Well first – what prompted this post. Pennsylvania state police are reporting arrests in a burglary ring which allegedly targeted Amish properties. The ring apparently consisted of five teenagers operating in Mercer County, PA – an area with a sizeable Amish population.
It’s a county with around a half-dozen separate Amish settlements. Likewise the group operated across a swath of the county, in six different townships and one borough. One of the five is technically a teen but legally an adult, and is the only one named in the case. From WFMJ:
State Police have arrested five teenagers they say were part of a burglary ring that committed 21 break-is that netted more than $31,000 in stolen goods and cash from members of Mercer County’s Amish community.
Caden Hinkson, 19, of Fredonia faces 40 criminal counts including burglary, theft, criminal mischief, corruption of minors and possession of criminal tools.
Hinkson was arrested along with two 17-year-old boys from Clarks Mill and Utica, and two 16-year-olds from Fredonia and Mercer.
According to investigators, the suspects planned, scouted, and burglarized targets in Delaware, Fairview, Coolspring, Perry, New Vernon and Sandy Lake Townships, as well as Sandy Lake Borough between September 2021 and November of last year.
Authorities were able to recover most of the stolen goods. However, the burglars also did $26,000 worth of property damage.
Got away with it…for awhile
The group managed to get away with this for quite some time – committing 21 break-ins over a span that lasted longer than a year, from September 2021 to November 2022.
When it comes to streaks of break-ins against the Amish, this is one of the longer runs I am aware of. I am a bit surprised they managed to commit so many break-ins over an extended period of time in a relatively small area. Mercer County is rural, though not the most sparsely-populated (over 100,000 residents).
Howver, committing double-digit burglaries in the same area where you live is probably not the smartest way to go about it (the accused all live within Mercer County or very close to its borders). But they must have been at least somewhat adept at their crimes if they were able to get away with them for an extended period like this. They averaged about one break-in every three weeks for that period.
Think twice before targeting the Amish
99.9% of people reading this would never think of committing such crimes against the Amish.
But on the off-chance that a potential burglar happens upon this page, you should think twice before you do. Why?

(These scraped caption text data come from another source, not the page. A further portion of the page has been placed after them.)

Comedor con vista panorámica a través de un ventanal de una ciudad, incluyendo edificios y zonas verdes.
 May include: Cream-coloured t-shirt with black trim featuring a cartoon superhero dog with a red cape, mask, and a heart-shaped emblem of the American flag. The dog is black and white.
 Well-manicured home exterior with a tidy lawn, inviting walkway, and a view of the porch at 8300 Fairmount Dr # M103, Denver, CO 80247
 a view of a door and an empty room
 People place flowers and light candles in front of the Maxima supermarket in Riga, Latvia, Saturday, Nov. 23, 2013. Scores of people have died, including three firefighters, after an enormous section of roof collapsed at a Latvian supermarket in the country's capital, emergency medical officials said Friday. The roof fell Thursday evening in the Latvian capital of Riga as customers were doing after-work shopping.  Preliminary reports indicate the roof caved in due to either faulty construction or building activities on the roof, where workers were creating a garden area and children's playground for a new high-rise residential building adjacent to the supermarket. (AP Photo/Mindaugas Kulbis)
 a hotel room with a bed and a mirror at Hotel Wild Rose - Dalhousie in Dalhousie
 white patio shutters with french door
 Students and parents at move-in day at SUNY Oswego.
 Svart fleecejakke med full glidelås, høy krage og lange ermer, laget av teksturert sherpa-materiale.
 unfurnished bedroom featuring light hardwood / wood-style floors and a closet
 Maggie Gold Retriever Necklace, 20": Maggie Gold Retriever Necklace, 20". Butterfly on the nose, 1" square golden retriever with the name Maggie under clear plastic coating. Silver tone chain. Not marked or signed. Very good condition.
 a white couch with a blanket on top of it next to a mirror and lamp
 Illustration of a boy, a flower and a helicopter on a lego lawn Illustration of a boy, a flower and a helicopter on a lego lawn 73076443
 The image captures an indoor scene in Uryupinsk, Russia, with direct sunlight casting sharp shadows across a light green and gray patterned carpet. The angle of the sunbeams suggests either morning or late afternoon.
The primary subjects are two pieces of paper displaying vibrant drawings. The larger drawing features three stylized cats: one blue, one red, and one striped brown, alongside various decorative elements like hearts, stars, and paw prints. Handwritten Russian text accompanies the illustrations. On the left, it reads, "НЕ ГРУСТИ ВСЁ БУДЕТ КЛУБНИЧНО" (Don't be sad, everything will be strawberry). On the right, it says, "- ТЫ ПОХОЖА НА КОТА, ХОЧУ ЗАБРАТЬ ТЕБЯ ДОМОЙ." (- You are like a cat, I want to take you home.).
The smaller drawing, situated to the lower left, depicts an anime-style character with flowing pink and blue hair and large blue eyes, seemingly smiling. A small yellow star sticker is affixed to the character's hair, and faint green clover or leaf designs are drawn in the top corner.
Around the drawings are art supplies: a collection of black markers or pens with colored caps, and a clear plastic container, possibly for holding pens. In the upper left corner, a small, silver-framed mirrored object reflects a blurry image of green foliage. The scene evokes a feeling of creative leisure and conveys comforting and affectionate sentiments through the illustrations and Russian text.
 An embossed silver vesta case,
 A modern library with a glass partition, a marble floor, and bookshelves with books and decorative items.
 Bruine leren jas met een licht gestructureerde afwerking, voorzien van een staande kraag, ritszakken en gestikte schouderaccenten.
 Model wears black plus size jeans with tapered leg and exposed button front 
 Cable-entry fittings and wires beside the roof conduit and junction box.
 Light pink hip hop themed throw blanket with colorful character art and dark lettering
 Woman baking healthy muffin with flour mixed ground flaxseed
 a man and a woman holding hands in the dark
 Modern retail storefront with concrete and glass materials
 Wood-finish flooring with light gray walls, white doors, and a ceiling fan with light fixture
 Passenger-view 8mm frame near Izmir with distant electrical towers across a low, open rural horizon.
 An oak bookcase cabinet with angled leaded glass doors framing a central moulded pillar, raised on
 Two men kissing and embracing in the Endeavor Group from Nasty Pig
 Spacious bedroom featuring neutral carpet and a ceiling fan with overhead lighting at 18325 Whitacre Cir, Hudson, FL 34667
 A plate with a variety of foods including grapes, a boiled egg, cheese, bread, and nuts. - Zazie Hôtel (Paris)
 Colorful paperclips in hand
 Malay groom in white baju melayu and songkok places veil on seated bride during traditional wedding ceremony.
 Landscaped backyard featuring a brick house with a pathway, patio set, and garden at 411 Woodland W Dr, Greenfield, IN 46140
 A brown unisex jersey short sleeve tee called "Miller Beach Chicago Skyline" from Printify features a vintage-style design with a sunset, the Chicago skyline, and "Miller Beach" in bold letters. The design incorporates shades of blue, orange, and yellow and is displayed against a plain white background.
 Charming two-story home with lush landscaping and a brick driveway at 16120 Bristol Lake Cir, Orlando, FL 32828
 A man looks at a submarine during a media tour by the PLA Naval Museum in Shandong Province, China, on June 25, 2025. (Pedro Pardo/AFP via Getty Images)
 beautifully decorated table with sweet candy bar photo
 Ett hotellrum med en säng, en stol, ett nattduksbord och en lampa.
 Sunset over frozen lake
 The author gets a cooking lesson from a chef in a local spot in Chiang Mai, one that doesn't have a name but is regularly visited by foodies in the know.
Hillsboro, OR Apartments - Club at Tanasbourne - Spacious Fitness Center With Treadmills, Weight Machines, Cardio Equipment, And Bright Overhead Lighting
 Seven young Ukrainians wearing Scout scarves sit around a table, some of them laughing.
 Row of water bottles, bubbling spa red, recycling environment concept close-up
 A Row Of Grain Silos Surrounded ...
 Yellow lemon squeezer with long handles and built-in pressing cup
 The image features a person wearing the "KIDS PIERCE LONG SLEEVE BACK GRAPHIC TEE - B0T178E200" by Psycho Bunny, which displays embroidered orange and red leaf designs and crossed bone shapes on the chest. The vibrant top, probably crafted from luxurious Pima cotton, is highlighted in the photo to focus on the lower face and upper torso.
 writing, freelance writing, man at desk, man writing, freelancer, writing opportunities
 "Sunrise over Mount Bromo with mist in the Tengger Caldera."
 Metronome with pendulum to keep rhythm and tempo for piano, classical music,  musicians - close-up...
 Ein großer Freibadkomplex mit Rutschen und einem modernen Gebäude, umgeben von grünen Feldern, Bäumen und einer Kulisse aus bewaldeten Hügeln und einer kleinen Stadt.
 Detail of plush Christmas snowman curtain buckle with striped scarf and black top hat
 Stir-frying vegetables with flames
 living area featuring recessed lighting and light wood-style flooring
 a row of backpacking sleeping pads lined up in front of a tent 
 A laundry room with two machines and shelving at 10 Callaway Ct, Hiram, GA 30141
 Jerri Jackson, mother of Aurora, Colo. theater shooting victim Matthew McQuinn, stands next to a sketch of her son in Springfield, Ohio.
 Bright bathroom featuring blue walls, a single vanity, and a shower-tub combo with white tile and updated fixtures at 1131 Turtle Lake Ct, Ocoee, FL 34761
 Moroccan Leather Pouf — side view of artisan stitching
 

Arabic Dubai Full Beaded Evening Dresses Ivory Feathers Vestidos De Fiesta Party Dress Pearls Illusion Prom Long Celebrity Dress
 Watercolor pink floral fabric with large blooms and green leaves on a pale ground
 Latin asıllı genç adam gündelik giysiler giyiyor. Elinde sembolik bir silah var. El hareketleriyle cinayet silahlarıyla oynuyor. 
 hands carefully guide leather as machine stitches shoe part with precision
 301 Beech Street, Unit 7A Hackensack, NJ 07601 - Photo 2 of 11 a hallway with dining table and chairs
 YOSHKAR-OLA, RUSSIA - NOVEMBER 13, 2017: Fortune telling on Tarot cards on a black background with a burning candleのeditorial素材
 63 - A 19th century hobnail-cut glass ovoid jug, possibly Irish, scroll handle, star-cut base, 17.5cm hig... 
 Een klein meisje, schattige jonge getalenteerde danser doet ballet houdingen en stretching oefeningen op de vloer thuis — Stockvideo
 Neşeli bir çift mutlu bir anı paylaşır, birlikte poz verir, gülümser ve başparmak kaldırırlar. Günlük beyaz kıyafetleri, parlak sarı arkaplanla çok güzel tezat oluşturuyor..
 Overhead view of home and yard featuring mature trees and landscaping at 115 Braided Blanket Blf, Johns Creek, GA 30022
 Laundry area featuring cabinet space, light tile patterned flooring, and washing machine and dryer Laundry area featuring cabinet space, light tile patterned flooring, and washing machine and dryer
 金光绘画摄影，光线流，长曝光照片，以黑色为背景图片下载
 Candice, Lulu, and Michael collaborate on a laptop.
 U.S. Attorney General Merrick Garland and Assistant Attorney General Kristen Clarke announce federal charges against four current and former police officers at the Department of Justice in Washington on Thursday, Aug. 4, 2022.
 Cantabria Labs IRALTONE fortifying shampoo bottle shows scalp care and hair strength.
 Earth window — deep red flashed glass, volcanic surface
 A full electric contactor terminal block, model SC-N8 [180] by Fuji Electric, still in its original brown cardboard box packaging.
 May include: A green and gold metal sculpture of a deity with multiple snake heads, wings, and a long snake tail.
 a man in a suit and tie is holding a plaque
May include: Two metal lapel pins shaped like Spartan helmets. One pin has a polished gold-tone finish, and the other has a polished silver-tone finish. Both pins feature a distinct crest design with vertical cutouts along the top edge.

Well, some criminals target the Amish like these apparently did, thinking that the Amish will be less likely to report crimes, or perhaps have less secure property. They may have also heard that Amish are a non-resistant people, and cowardly seek to take advantage of that belief as well.
One big minus of targeting the Amish, however, is that there are usually always a lot of eyes around.
Those who go after the Amish are not breaking into vacant apartments or homes where single people live. Amish have large families, and someone is usually at home. Their Amish neighbors, who are likely to be family as well, are watching.
Think the resident family is out at church or some other event? Well, their non-Amish neighbors are watching too. And they’re apt to be keeping an eye out for their Amish neighbors even more vigilantly than they would for fellow non-Amish residents.
They’ll get your plate number or vehicle description. And the Amish may be more eager to get authorities involved than you might think. Some may even be using unexpected technology (like trail cameras or other monitoring devices) to protect their property.